Data Fabric automatically syncs production trace data, evaluations, and annotations to your cloud data warehouse every 60 minutes in Iceberg format—giving you a single, always-current source of truth. Having access to the raw trace data enables teams to leverage this data for analytics and custom workflows.

<Frame>
  ![](https://storage.googleapis.com/arize-phoenix-assets/assets/images/arize-docs-images/data-fabric-1.avif)
</Frame>

This is a very powerful feature of [adb - the Arize GenAI native datastore](https://arize.com/adb/). Learn more about adb:

* [Introducing adb](https://arize.com/blog/introducing-adb-arizes-proprietary-olap-database/)
* [Realtime Ingestion at Scale](https://arize.com/blog/adb-database-realtime-ingestion/)
* [adb Benchmarks](https://arize.com/blog/adb-benchmarks/)

## Why is this better than a standard data export?

* **No lock-in:** Your data is always available to you.
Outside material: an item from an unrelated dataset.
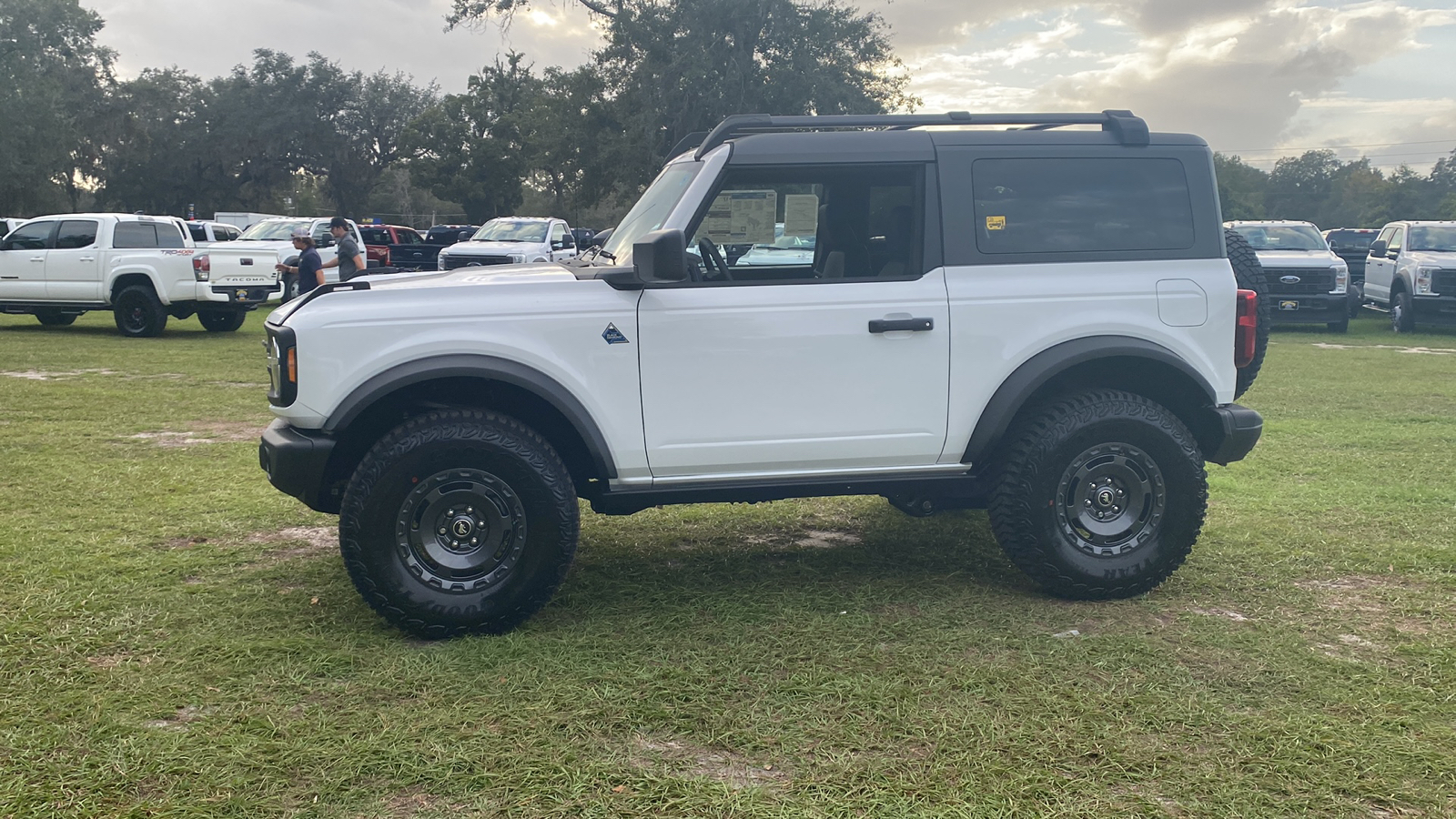 2024 Ford Bronco Black Diamond 4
You can move it to data warehouse of your choice so you can use it in other tools you already use.
* **Single source of truth, always:** No need to maintain separate copies or manage export jobs
* **Automatic updates:** Your data, up-to-date. Any updates via evaluations or annotations—even on months-old data—are captured in the next sync regardless of timestamp. Data syncs every 60 minutes.
* **Query-ready format:** Data is stored in Iceberg format for direct querying in BigQuery, Snowflake, and other data warehouses
* **Time-partitioned:** Leverages Hive standard storage for efficient time-based queries

## How does Data Fabric work?

* Data Fabric is only enabled for Enterprise accounts. Reach out to Arize Support ([support@arize.com](mailto:support@arize.com)) if you'd like to trial access.
* To set up Data Fabric, you must have write permissions to your target cloud storage bucket and at least one tracing project in your space
* Connectors are a connection to a filepath within your bucket. When you create a connector, you'll be able to specify a bucket and namespace, as well as projects to sync. You can add any number of projects or create one connector per project. Each connector must have a unique filepath.
* Once you've created your connectors and added your projects, your data will sync automatically every 60 minutes. This includes updates to historical data that may have changed.
* Project syncs can be paused, resumed or deleted as needed.
* **Supported Blobstore Providers:** Google Cloud Storage (GCS) and Amazon S3
  * Coming Soon: Azure Storage
* **Supported Big Table Providers**: BigQuery (GCS), Databricks Unity Catalog
  * Coming Soon: Snowflake

## Setting up Data Fabric

### Step 1: Create a Data Connector

1. Navigate to **Settings > Data Fabric** in your space
2. Click **New Connector**
3. Fill out the basic connector information:
   1. **Connector Name:** A descriptive name for your connector
   2. **Select Projects:** Choose which tracing projects to sync. You can modify these projects later

### Step 2: Configure Cloud Storage

1. **Select Data Storage:** Choose your cloud storage provider.
2. **File Path:** Enter your bucket path in the format shown below.

<Tabs>
  <Tab title="Google Cloud Storage">
    Enter your GCS path: `my-data-bucket/arize-sync/production`
  </Tab>

  <Tab title="Amazon S3">
    Enter your S3 path: `my-bucket/optional-prefix`
  </Tab>
</Tabs>

### Step 3: Set Up Permissions

<Tabs>
  <Tab title="Google Cloud Storage">
    1. **Label Your Bucket:** In the GCS bucket, set a bucket **label** with a key of `arize-ingestion-key` and the corresponding value copied from the setup dialog. This proves ownership of the bucket.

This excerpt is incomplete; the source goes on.